> [Records provided]:
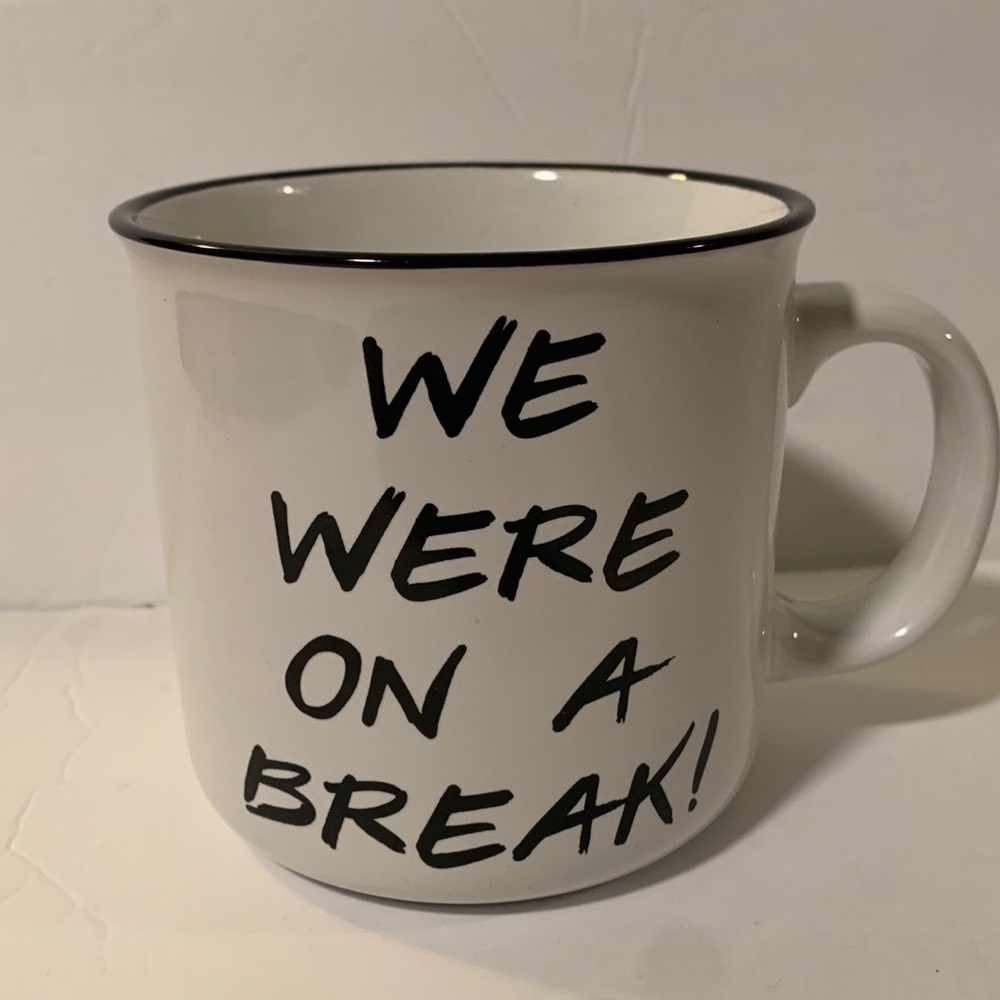 NEW FRIENDS TV SHOW COFFEE MUG 20oz WE WERE ON A BREAK - Picture 2 of 4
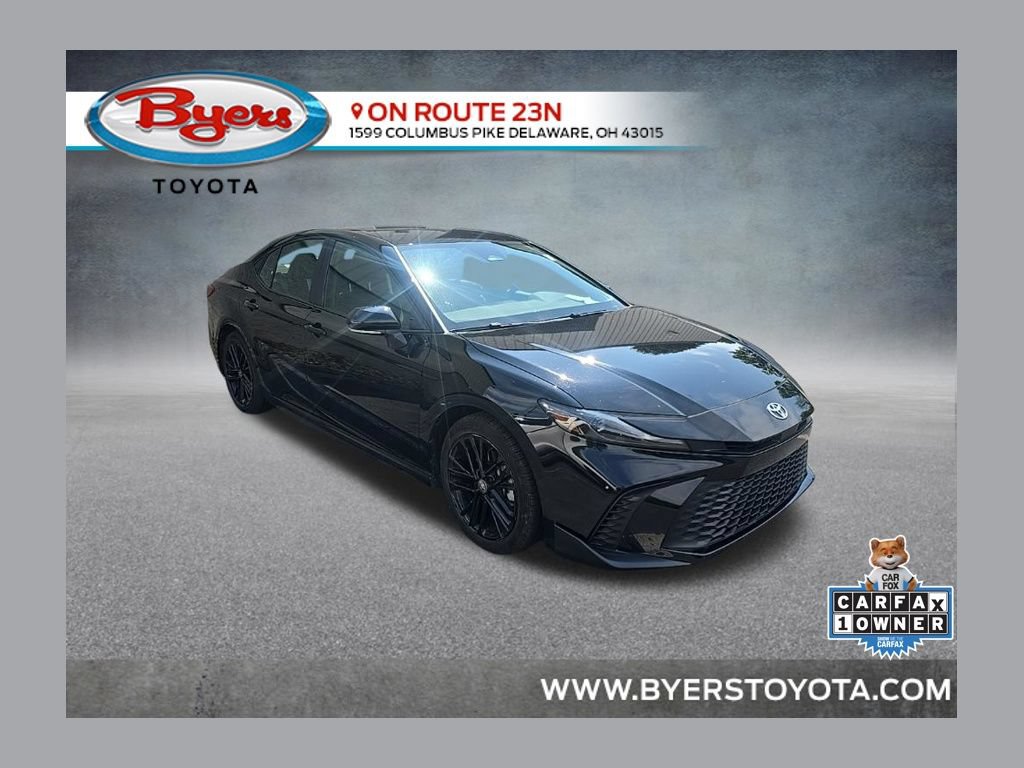 Used 2025 Toyota Camry SE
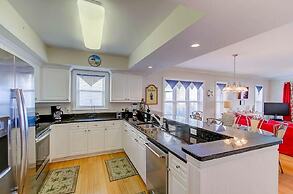 1010 Ocean Palms 201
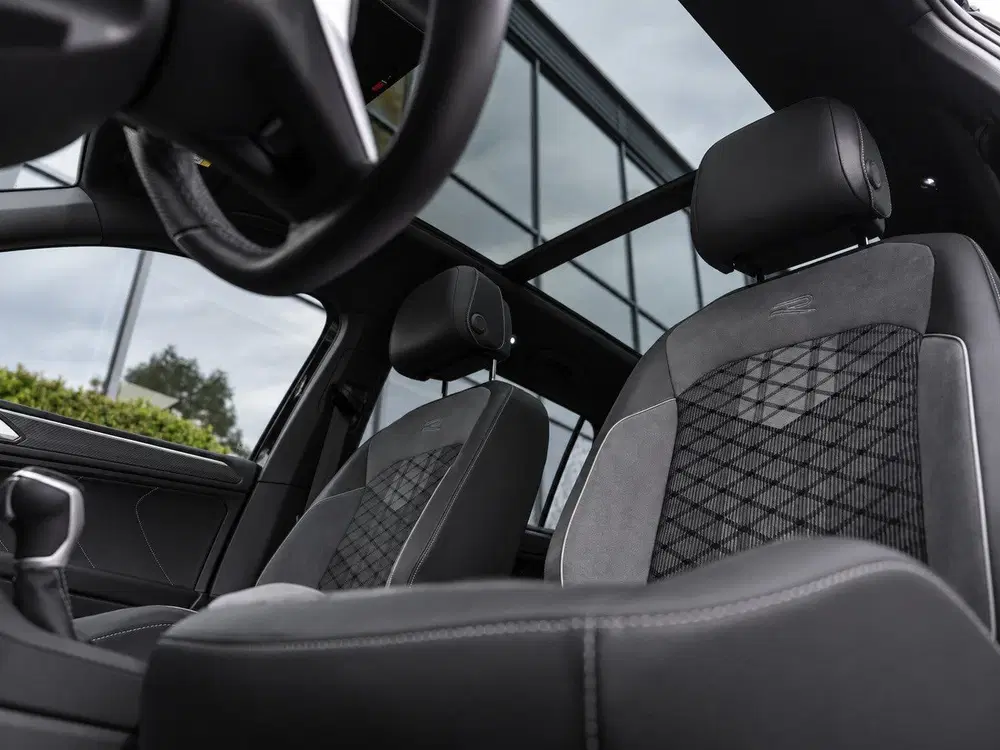 Volkswagen Tiguan Allspace 1.5 TSI R-Line uit 2023, foto 12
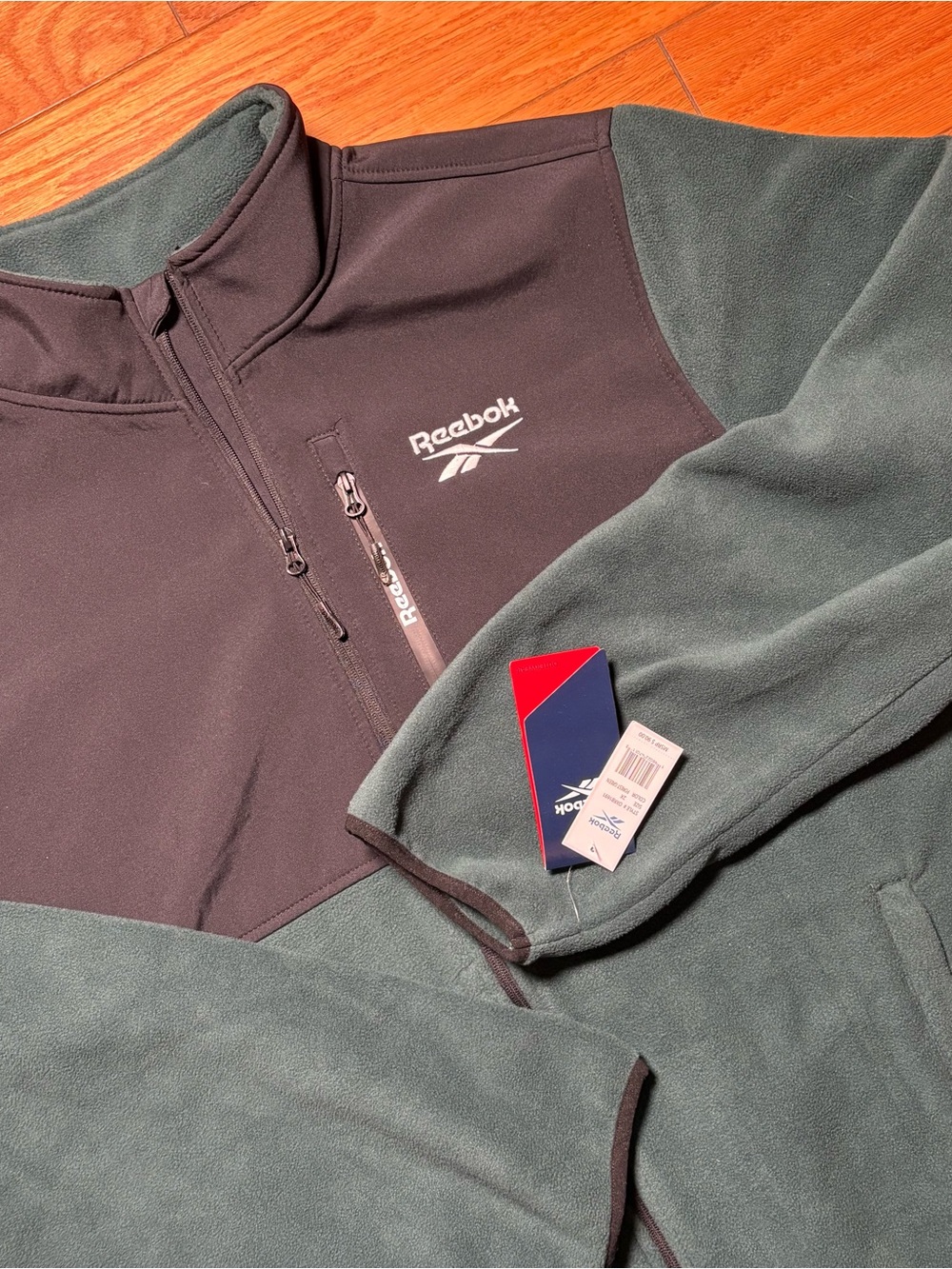 Reebok Forest Green & Charcoal Fleece Pullover - Tag Detail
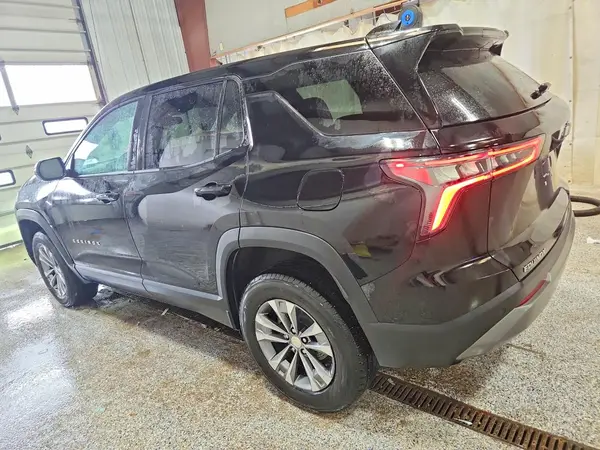 3GNAXHEG3SL220668 2025 CHEVROLET EQUINOX - Image 2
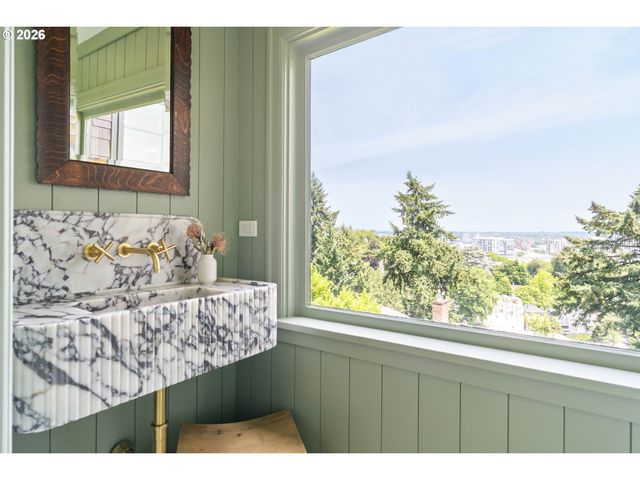 1442 Sw VISTA Ave, Portland, OR 97201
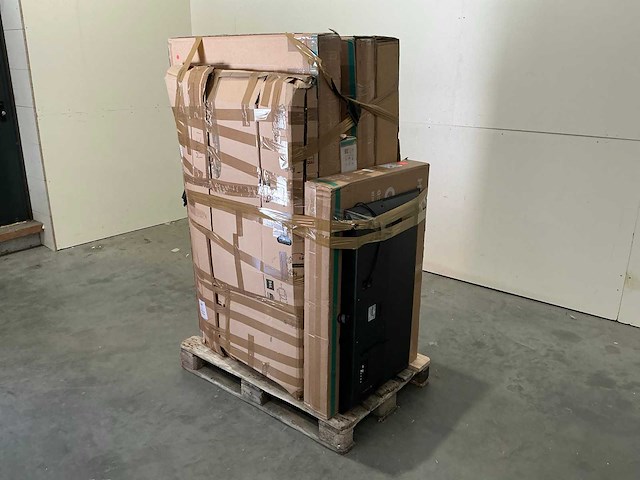Pallet televisies retourgoederen - 8 items - afbeelding 1 van  8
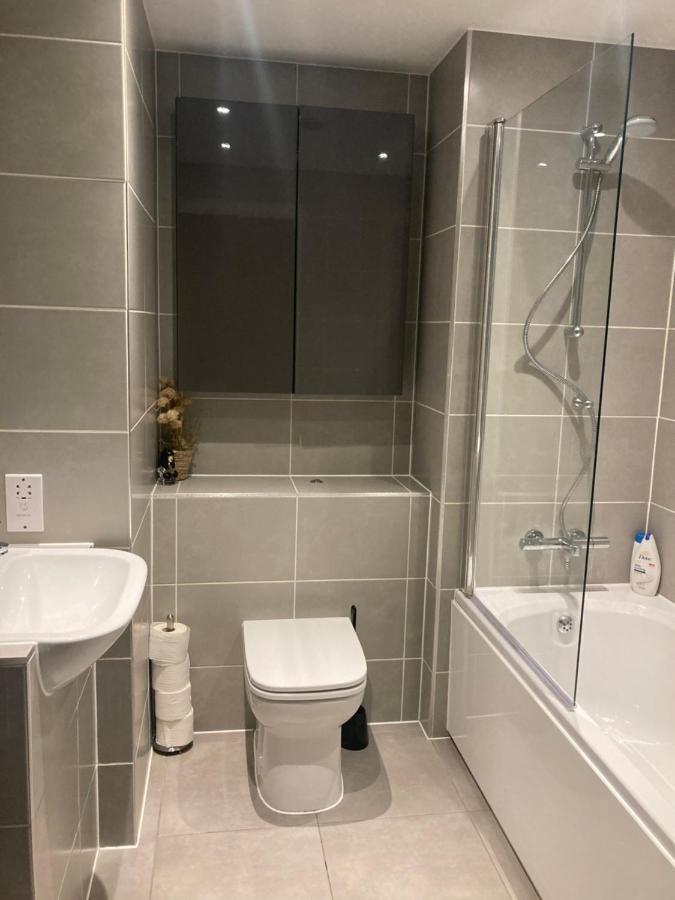 Canal View 1 Bed Apartment In Zone 1 London Exterior foto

> [Required action]: Return every record above exactly as written, but drop the pictures.

> [Exercise output]:
 NEW FRIENDS TV SHOW COFFEE MUG 20oz WE WERE ON A BREAK - Picture 2 of 4
 Used 2025 Toyota Camry SE
 1010 Ocean Palms 201
 Volkswagen Tiguan Allspace 1.5 TSI R-Line uit 2023, foto 12
 Reebok Forest Green & Charcoal Fleece Pullover - Tag Detail
 3GNAXHEG3SL220668 2025 CHEVROLET EQUINOX - Image 2
 1442 Sw VISTA Ave, Portland, OR 97201
Pallet televisies retourgoederen - 8 items - afbeelding 1 van  8
 Canal View 1 Bed Apartment In Zone 1 London Exterior foto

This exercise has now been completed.